DIRECTIONS FOR THIS TASK ▸ Repeat exactly the lines of the entries below from the one with "TXC167 Hawaii License Plate" through the one with "Питание гибрида. Блокатор", both ends included, and nothing else.

++++++++++++++++++++

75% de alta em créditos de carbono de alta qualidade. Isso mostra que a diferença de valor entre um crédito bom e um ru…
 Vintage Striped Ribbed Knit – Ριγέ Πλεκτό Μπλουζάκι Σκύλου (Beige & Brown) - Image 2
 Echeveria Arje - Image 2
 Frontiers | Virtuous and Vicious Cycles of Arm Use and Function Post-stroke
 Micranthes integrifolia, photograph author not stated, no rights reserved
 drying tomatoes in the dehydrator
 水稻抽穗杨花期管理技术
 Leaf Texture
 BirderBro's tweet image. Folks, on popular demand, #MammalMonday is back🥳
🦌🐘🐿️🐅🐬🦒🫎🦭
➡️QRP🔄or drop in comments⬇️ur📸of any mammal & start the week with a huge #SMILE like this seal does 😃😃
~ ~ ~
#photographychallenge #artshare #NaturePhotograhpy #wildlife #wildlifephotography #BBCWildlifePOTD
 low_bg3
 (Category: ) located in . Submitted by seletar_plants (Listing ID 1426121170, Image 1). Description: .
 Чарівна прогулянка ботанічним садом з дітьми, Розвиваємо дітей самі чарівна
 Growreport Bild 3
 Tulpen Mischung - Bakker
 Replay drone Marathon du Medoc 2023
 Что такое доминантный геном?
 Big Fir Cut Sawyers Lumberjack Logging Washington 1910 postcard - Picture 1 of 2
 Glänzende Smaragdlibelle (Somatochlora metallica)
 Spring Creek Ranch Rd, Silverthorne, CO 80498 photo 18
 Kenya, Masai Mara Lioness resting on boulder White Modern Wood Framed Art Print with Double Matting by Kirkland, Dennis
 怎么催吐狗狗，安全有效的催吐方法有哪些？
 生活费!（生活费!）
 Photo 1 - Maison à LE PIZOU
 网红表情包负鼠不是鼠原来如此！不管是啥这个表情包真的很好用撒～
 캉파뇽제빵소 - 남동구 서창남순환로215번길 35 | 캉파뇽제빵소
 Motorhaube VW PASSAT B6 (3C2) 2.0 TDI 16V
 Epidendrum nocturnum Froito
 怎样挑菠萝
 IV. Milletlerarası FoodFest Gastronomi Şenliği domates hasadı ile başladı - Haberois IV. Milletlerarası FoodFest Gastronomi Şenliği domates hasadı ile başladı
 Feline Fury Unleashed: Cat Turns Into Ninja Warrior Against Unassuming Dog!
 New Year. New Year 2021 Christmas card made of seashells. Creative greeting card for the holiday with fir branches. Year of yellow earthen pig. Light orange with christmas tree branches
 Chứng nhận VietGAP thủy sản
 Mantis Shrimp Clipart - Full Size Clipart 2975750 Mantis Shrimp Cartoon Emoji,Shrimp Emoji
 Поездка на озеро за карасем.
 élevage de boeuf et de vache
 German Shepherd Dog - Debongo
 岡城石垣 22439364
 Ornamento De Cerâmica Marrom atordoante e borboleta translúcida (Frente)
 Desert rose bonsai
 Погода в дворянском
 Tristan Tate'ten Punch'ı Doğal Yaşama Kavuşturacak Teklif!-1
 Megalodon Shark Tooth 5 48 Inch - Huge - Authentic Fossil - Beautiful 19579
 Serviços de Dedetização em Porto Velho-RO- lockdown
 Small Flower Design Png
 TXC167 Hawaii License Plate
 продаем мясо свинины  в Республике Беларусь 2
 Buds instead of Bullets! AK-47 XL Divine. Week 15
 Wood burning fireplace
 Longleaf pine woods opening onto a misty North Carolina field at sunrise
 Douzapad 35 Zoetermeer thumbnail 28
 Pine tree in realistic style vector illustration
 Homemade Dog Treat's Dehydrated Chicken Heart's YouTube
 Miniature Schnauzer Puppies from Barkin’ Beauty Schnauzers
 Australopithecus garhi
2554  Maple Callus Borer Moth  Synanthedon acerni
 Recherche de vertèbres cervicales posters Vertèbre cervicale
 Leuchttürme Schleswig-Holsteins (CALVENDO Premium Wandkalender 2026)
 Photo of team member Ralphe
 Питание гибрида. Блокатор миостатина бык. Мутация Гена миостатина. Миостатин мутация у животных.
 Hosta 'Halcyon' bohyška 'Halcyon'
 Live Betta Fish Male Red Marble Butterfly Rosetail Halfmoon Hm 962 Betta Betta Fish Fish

++++++++++++++++++++

FINISHED TASK ▸
 TXC167 Hawaii License Plate
 продаем мясо свинины  в Республике Беларусь 2
 Buds instead of Bullets! AK-47 XL Divine. Week 15
 Wood burning fireplace
 Longleaf pine woods opening onto a misty North Carolina field at sunrise
 Douzapad 35 Zoetermeer thumbnail 28
 Pine tree in realistic style vector illustration
 Homemade Dog Treat's Dehydrated Chicken Heart's YouTube
 Miniature Schnauzer Puppies from Barkin’ Beauty Schnauzers
 Australopithecus garhi
2554  Maple Callus Borer Moth  Synanthedon acerni
 Recherche de vertèbres cervicales posters Vertèbre cervicale
 Leuchttürme Schleswig-Holsteins (CALVENDO Premium Wandkalender 2026)
 Photo of team member Ralphe
 Питание гибрида. Блокатор миостатина бык. Мутация Гена миостатина. Миостатин мутация у животных.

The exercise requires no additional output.